Given entries ->
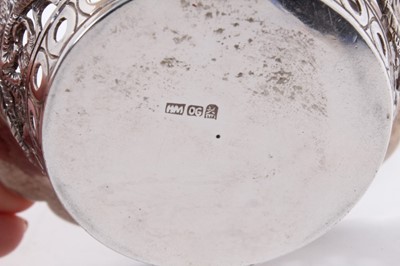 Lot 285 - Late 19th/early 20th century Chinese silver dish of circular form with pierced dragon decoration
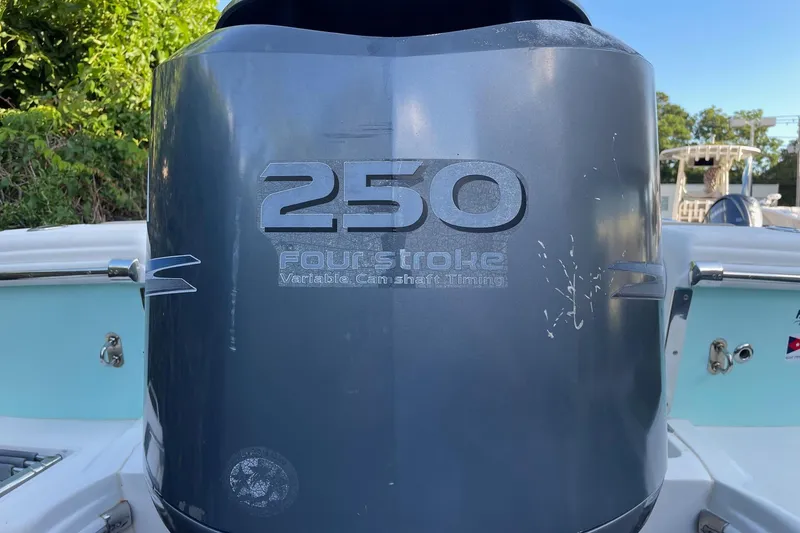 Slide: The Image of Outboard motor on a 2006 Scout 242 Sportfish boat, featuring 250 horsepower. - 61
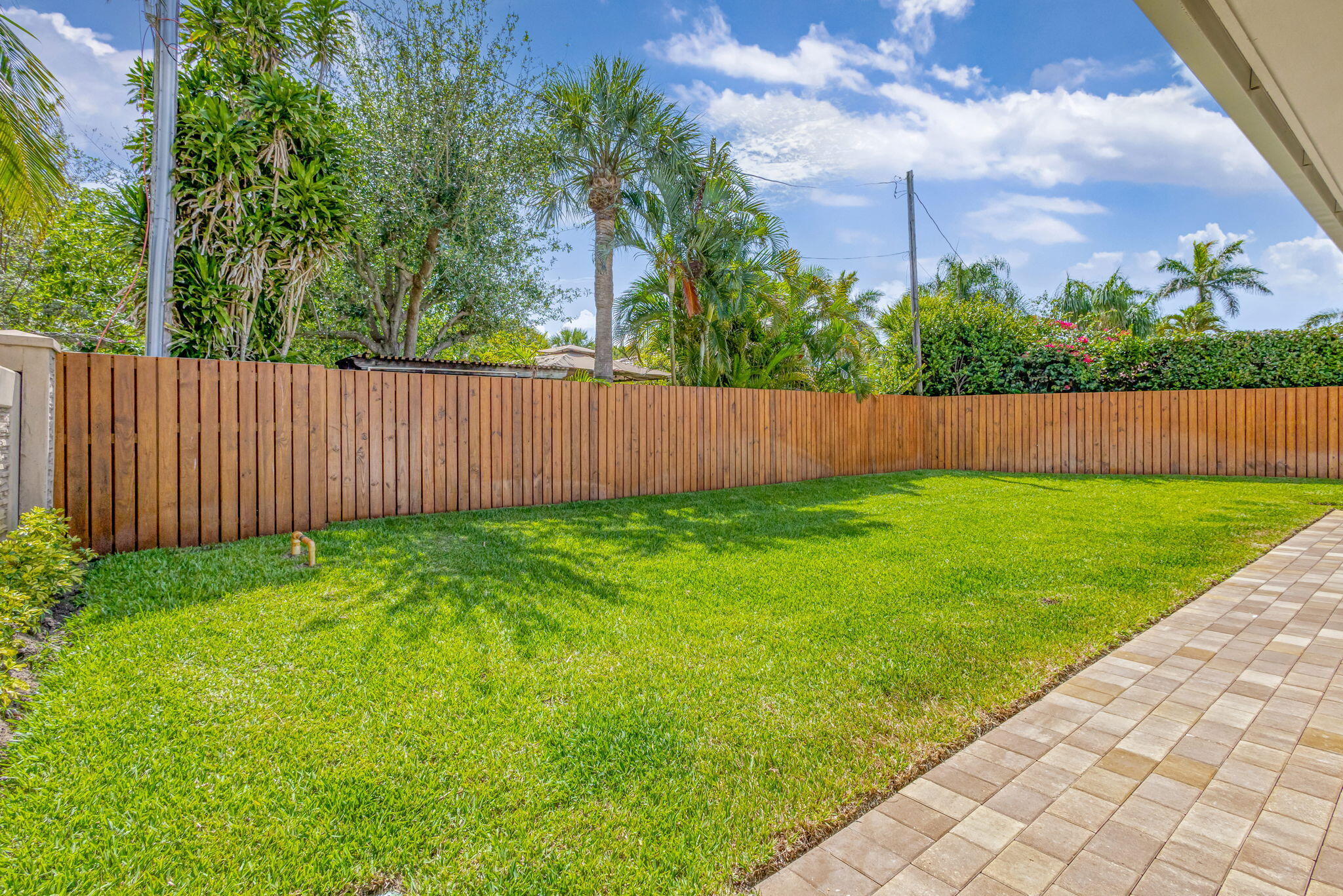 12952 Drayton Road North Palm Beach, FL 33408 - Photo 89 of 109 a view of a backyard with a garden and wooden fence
...
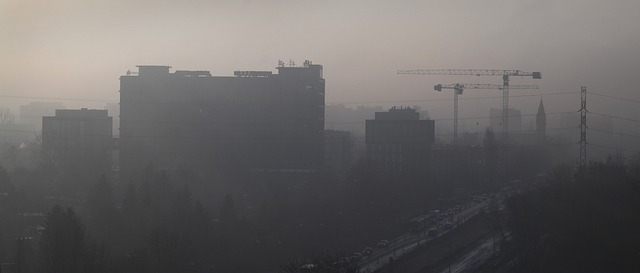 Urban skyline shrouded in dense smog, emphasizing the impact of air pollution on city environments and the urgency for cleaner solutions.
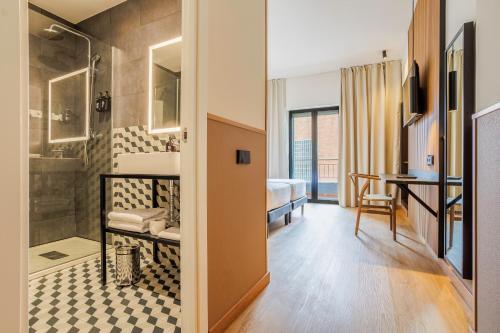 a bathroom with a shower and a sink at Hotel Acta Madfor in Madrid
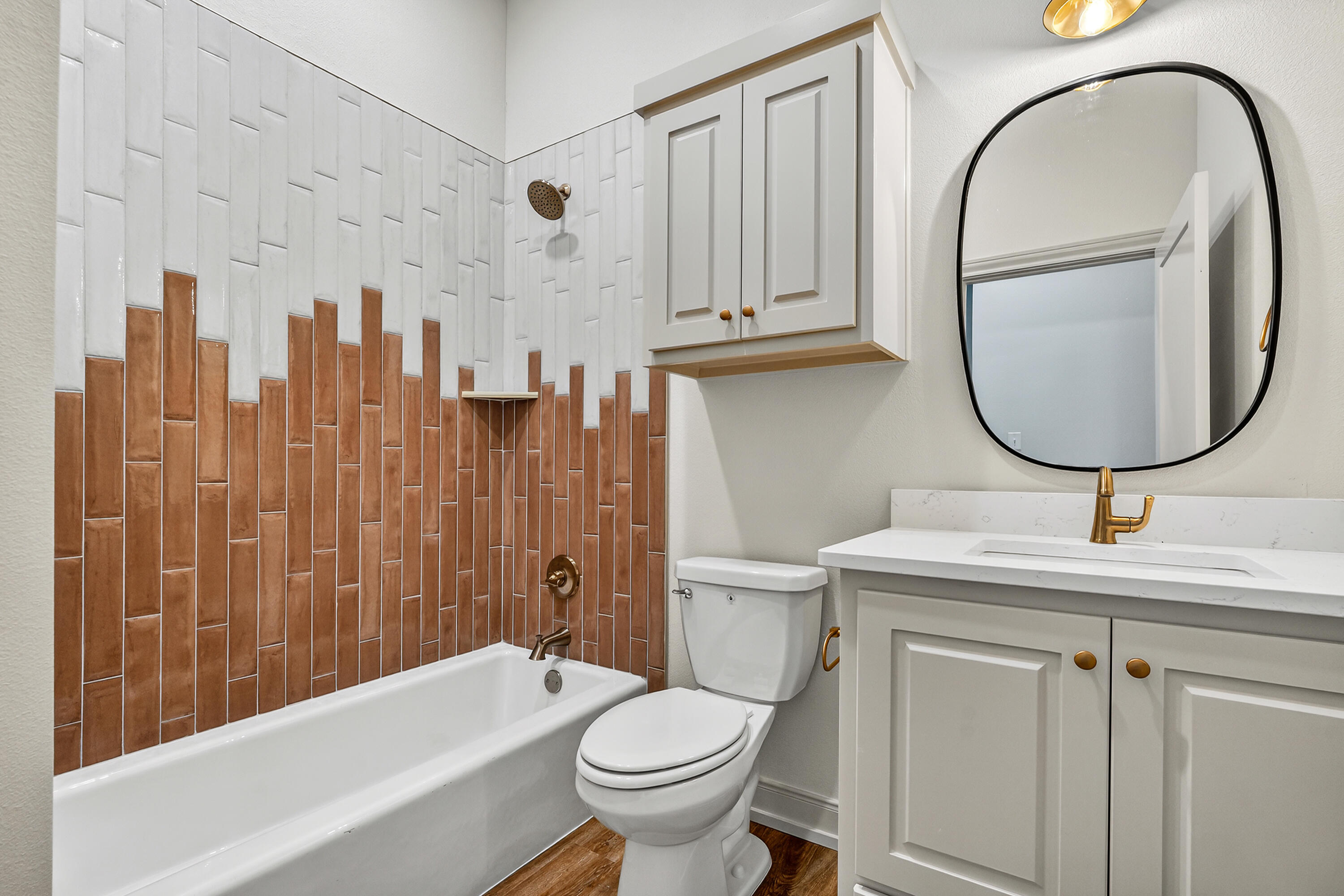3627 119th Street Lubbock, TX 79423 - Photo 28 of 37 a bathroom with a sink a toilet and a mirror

Task goal ->
Output exactly the lines of the listing above that start with the one holding "Urban skyline shrouded" and go on through the one holding "3627 119th Street"; leave the pictures out.

Result of the task ->
 Urban skyline shrouded in dense smog, emphasizing the impact of air pollution on city environments and the urgency for cleaner solutions.
 a bathroom with a shower and a sink at Hotel Acta Madfor in Madrid
3627 119th Street Lubbock, TX 79423 - Photo 28 of 37 a bathroom with a sink a toilet and a mirror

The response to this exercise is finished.